Erdogan announces Russia will send free grain to poor African countries

Russia will send free grain to poor African countries such as Sudan, Somalia and Djibouti, Turkish President Recep Tayyip Erdogan announced on Friday, commenting on talks he held with his Russian counterpart Vladimir Putin to revive the Ukrainian grain export agreement.
"We must support low-income countries, the poorest. When we spoke the day before yesterday, Putin told me: 'We should send this grain for free to countries like Djibouti, Somalia and Sudan'," Erdogan said in a speech broadcast live on Turkish public broadcaster TRT.

"I agreed and we said we will talk about this extensively at the G20," he added, referring to the summit of the group of 20 industrialised countries, scheduled for the middle of this month in Indonesia.
"This is what we agreed. It's the step we have to take, it's the right thing to do. We will talk about it when we meet on the 13th and 14th of this month in Bali," Erdogan said.
In the same speech, which he gave at the opening of a business fair in Istanbul, the Turkish president mentioned that he had spoken to UN Secretary General António Guterres yesterday to ask him to discuss at the G20 summit the fate of food exported from Ukraine under the agreement signed last July between Kiev and Moscow.

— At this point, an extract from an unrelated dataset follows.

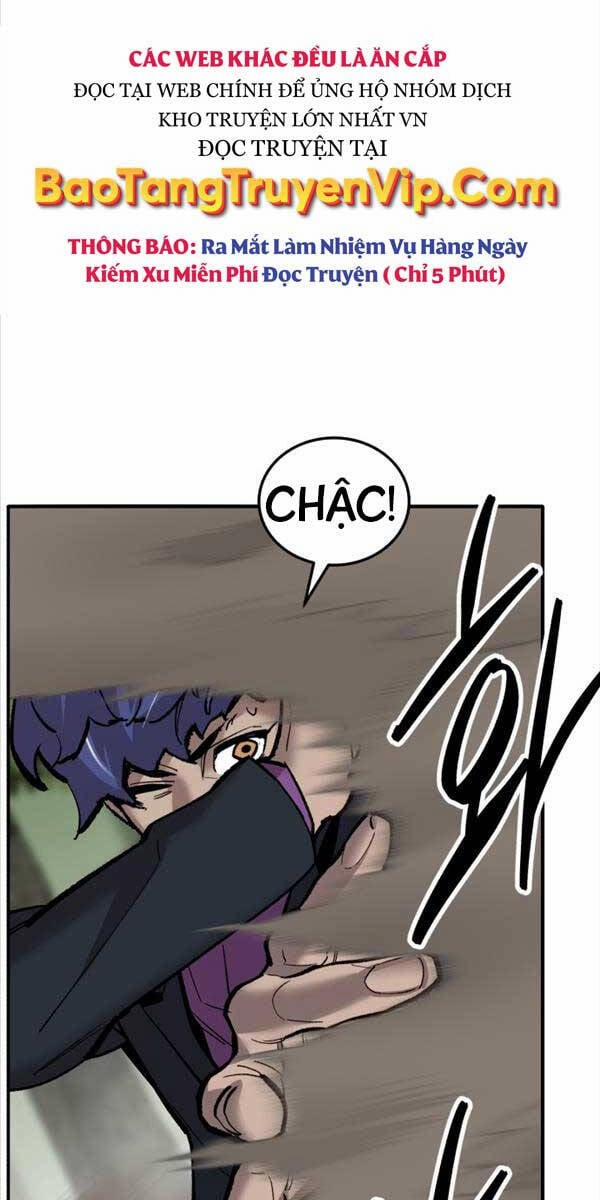 Phá Bỏ Giới Hạn 112 trang 33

"Do we send these grains and fertilisers to rich countries or to low-income, poor, dispossessed countries? We have to take steps on this," Erdogan said.
Of the nearly 10 million tonnes of agricultural products exported since August from Ukraine under the agreement, almost half have gone to Western European ports, more than a third to the Asia-Pacific region, mainly China, and 1.3 million tonnes to Africa, mainly Egypt.